Duration and decay of Arctic stratospheric vortex events in the ECMWF seasonal forecast model

Abstract

Previous studies have documented extreme stratospheric polar vortex events, but the factors governing their duration have received little attention. Here, we investigate weak and strong stratospheric polar vortex events simulated in ensemble reforecasts for the Northern Hemisphere winter with the seasonal forecast model (System 4) of the European Centre for Medium‐Range Weather Forecasting, in comparison with the European Reanalysis Interim dataset. The individual strong and weak vortex events are classified into short and long events. A composite analysis is conducted for each of the four categories of events with respect to their initial or end days.
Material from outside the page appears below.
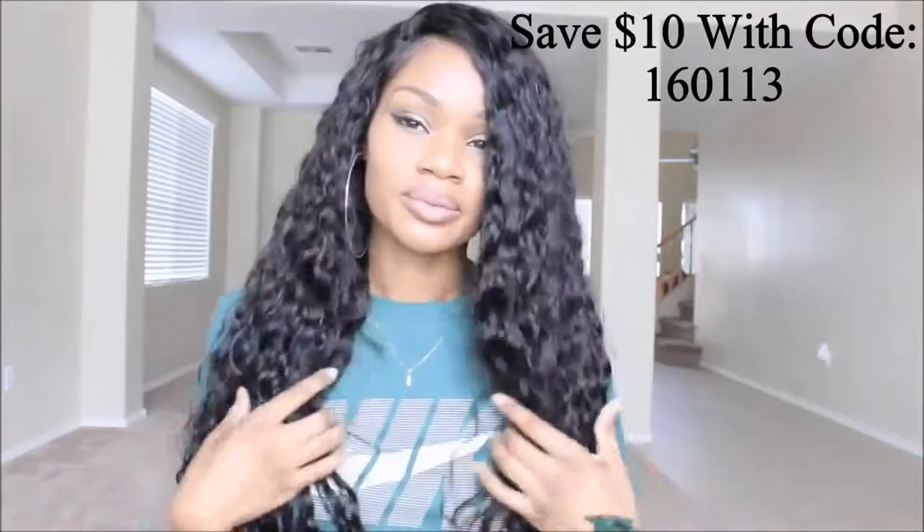You guys should definitely check out DHY Hair 777. I'll also provide a coupon code right here on the screen to save you guys some money in case you're interested. Let me know what you think about this one, and I'll talk to you guys later — bye!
We examine the characteristics of each category in the forecast model and reanalyses, including anomalous zonal‐mean zonal winds, heat and wave‐activity fluxes, lower‐tropospheric temperature and surface pressure, as well as the synoptic evolution of upper‐tropospheric anomalies during the precursory and decaying stages. The main findings are: (a) the forecast System 4 is found to produce both short and long anomalous vortex events in comparable amplitude to the reanalyses, but the polar zonal wind anomalies are more persistent, for each of the four categories considered; (b) short events penetrate as deep as the long events right at their onset, but they rapidly decay under a wave forcing that is less sustained than in the long events; (c) subtle differences in the synoptic evolution of blocking Highs and Lows over both oceanic basins or over Northern Eurasia or America appear to condition the duration of the forcing; and (d) during such short events, characteristic surface or lower‐tropospheric signatures of the annular mode paradigm arising from the downward stratospheric influence are not allowed sufficient time to develop.